§ Exercise inputs
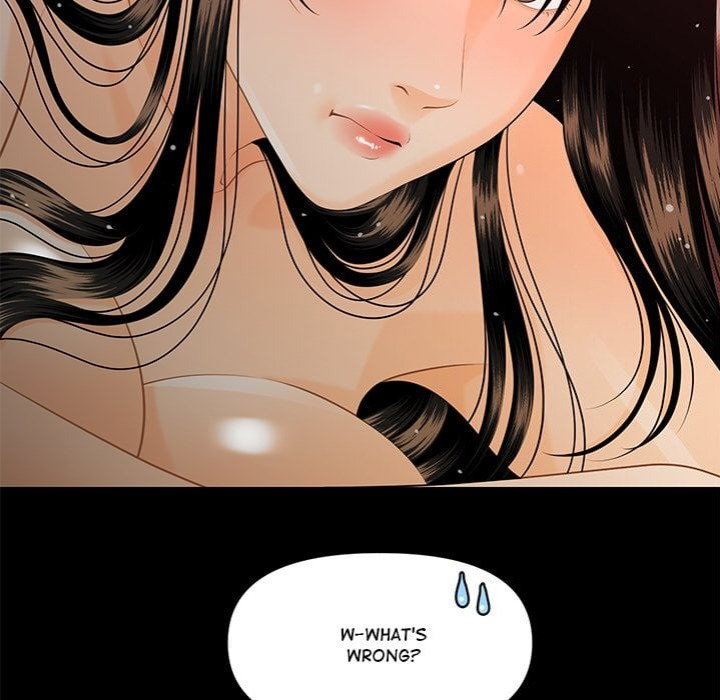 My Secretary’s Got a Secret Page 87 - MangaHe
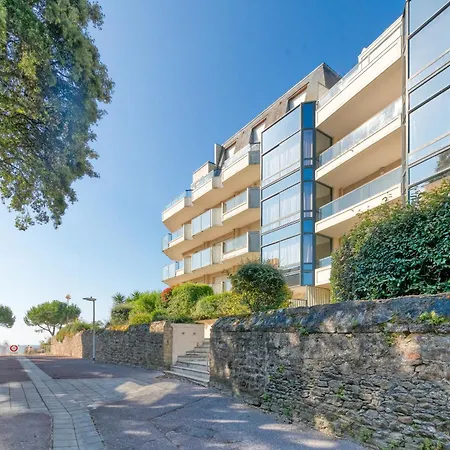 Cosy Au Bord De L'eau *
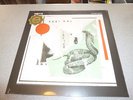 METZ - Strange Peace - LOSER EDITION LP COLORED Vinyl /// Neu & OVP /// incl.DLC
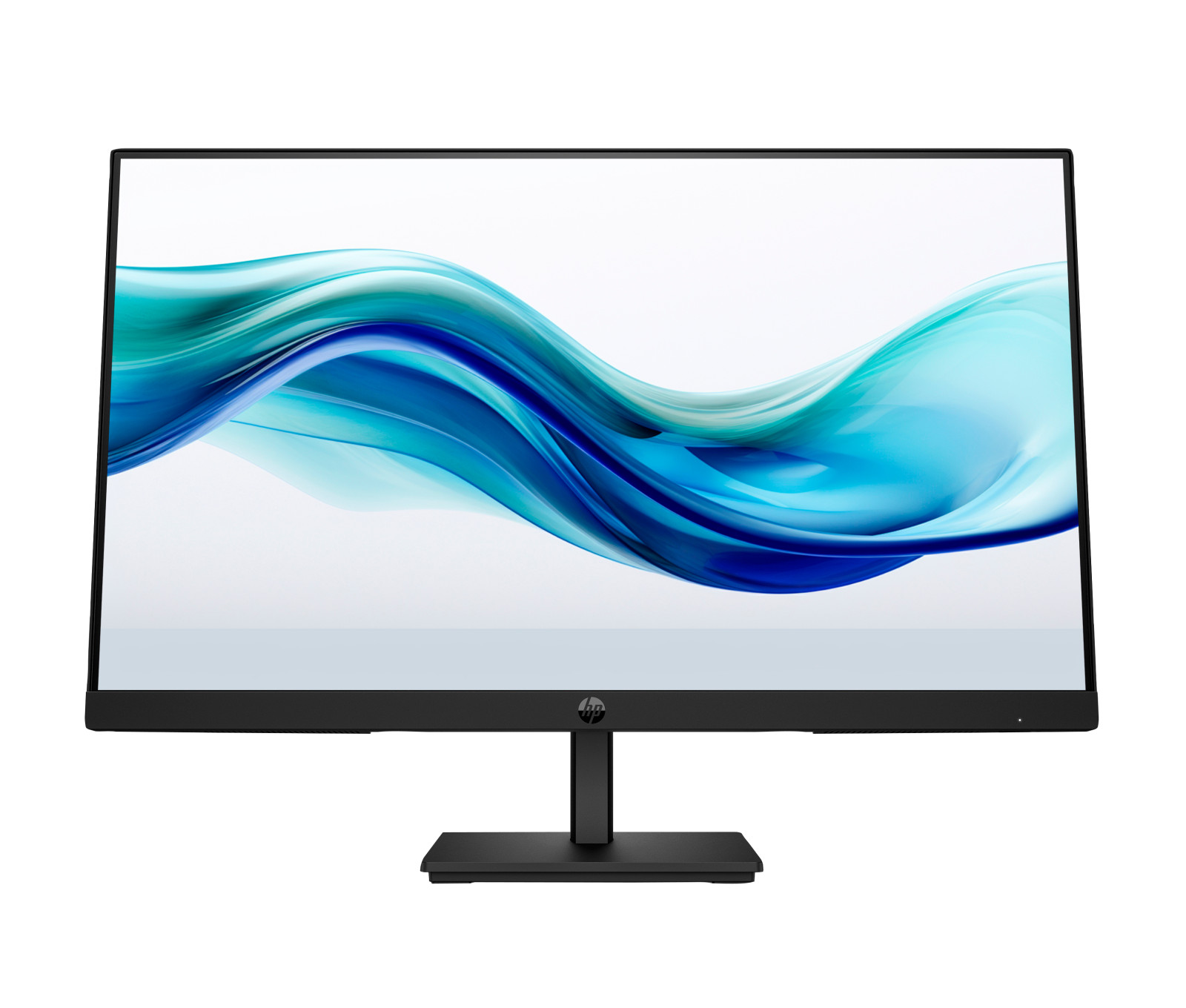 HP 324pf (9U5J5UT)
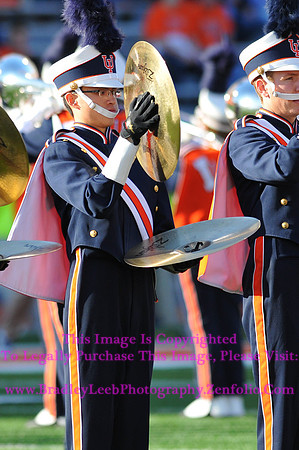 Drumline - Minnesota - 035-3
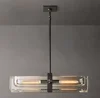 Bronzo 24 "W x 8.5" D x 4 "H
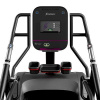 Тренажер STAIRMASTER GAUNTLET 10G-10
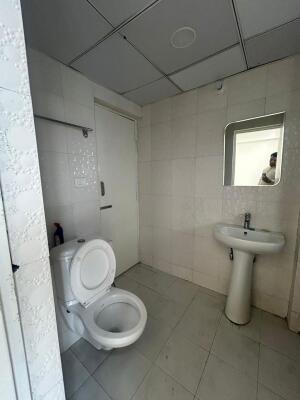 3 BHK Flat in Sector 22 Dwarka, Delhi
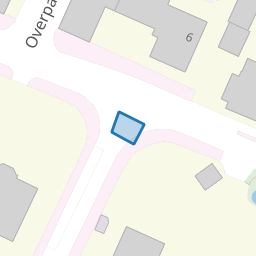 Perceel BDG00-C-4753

* * *

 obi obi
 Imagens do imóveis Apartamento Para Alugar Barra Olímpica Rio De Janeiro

==

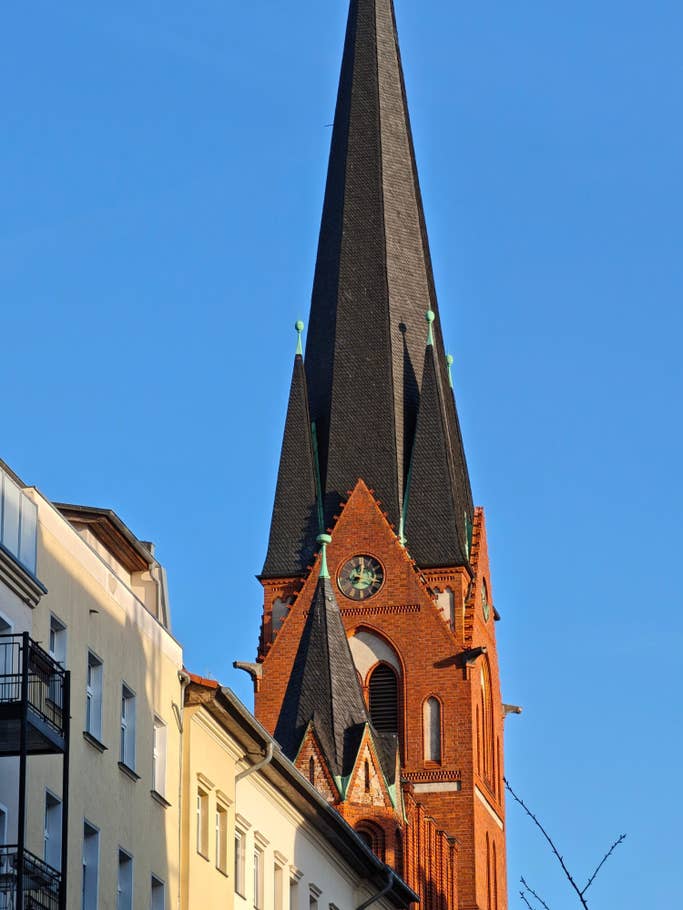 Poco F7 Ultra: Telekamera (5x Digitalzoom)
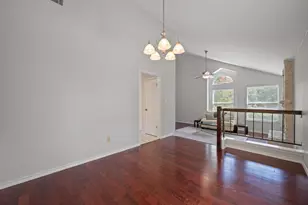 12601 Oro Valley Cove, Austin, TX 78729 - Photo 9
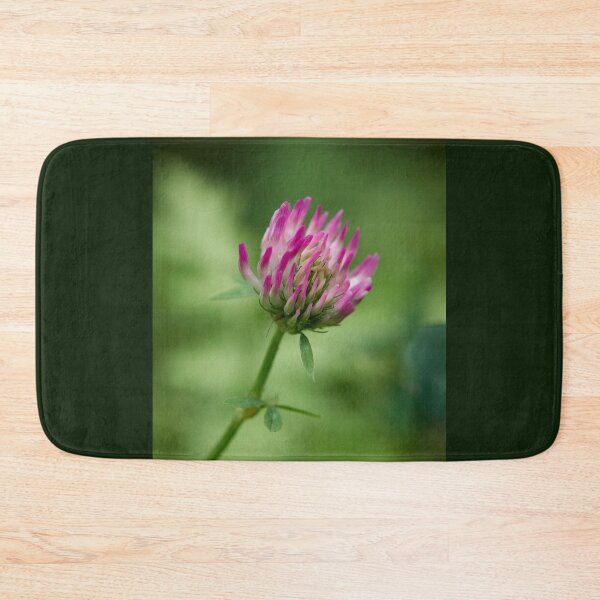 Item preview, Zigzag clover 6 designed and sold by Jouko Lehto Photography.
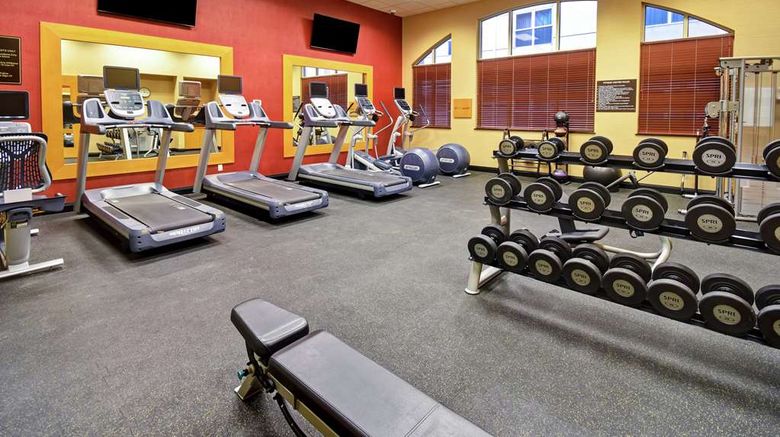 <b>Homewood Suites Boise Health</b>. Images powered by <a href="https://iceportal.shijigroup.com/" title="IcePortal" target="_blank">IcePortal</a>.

§ Work item
Reproduce the lines above starting at the one with "My Secretary’s Got" and ending at the one with "Perceel BDG00-C-4753", both included, exactly and with no pictures.

§ Written response
 My Secretary’s Got a Secret Page 87 - MangaHe
 Cosy Au Bord De L'eau *
 METZ - Strange Peace - LOSER EDITION LP COLORED Vinyl /// Neu & OVP /// incl.DLC
 HP 324pf (9U5J5UT)
 Drumline - Minnesota - 035-3
 Bronzo 24 "W x 8.5" D x 4 "H
 Тренажер STAIRMASTER GAUNTLET 10G-10
 3 BHK Flat in Sector 22 Dwarka, Delhi
 Perceel BDG00-C-4753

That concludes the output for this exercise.